Anne left, her place replaced with a strikingly attractive woman, I guess, in her early thirties. She sat down in front of me with an air of the lioness entering the den, the better to eat up the Christian. I liked her, or at least wanted her to like me. Bill attached the radio-mike to her, which always seems to involve asking people to slip this thingy through their undergarments. He was particularly charming with all the Scientologists, and all the Scientologists were charming back to him. I was beginning to suspect he was working for the other side, Traitor Bill.
My lack of charm did not help me resolve my immediate problem, which was embarrassing.
You have got to forgive me, I said, I am not a Hollywood reporter. I have been to all sorts of weird places but I don’t know who you are. In LA there is no greater sin.
‘Oh really?’ She was actually quite sweet about it. ‘My name is Leah Rimini and I am on a show called “The King of Queens”’. One of the biggest American sitcoms of recent times, the show often rated around 13 million viewers. The wreckage of our small talk out of the way, it was time for business. She told me that Scientology had offered her the ability to be a happy person, Scientology has given her those tools to try to be a good person.
I asked her about the auditing process, questions about all sorts of things, including your sex life, things that are embarrassing?
‘It is confidential.’
But they record it, I said.
‘Do they record it? No.’
Three years later we asked that very question of the Church. It said it does film auditing, but that this is not a secret and has been announced publicly.
Cameras are fitted within walls to stop them being intrusive and unsightly.
The Church also says that auditing secrets are sacrosanct, protected by priest-penitent confidentiality and never revealed.
I told Leah I have heard the allegation that David Miscavige has used some of the stuff which had been said in confidence. In Catholic terms, that would be a violation of the sanctity of the confessional?
‘I mean that is so, so ridiculous because if that were true there would be a lot of law suits. There is nothing about me or about any Scientologist that I know has anything in their past that someone could use against them.’

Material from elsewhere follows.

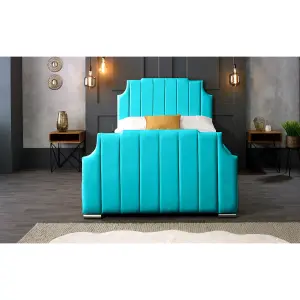 Nelson Plush Velvet Teal Bed Frame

There are stories out there, people say that they have been punished, in particular, on the Sea Org RPF. Have you ever heard that?
‘Aha.’
What is RPF?
‘I think Tommy has already explained that to you, right.’
Leah’s interview took place immediately after Anne’s. My deduction would be that Leah could have only known that Tommy had given me an answer on RPF if she had been watching a live feed of the interview in another room in the Celebrity Centre. I didn’t work that out there and then, but just had a sense of an extra level to the game they hadn’t told me about.
I pressed on. Are you aware of any criticisms that it punishes people?
‘No, I haven’t heard the criticism.’
We spoke to one guy who said that he has effectively spent six years in the RPF.
‘I have to tell you that he has to be a complete idiot because the programme doesn’t take six years.’
No, he was punished for six years.
‘Well then, I think he is a complete idiot. Six years is a long time to try to get with it.’
Because he fell out with David Miscavige.
‘Well, thank God. Six years is a long time. I’m glad we got rid of him.’
Have you met Mr Miscavige?
‘Of course.’
Some people have said that he has hit them.
‘That he has hit them?’
Yeah, physically.
She laughed: ‘I don’t know what to say about that, I mean it is so silly. That David physically hit them?’
Yeah.
‘OK. I don’t know what to say about that. He never hit me. Should I consider myself insulted? I mean, I’m a friend of his and he’s never hit me.’
I batted on.
He hasn’t given a TV interview since 1992. What is he afraid of?
‘What’s he afraid of? Oh I think if you met Mr Miscavige you would see that he is really not afraid of anything. But I just think it is…’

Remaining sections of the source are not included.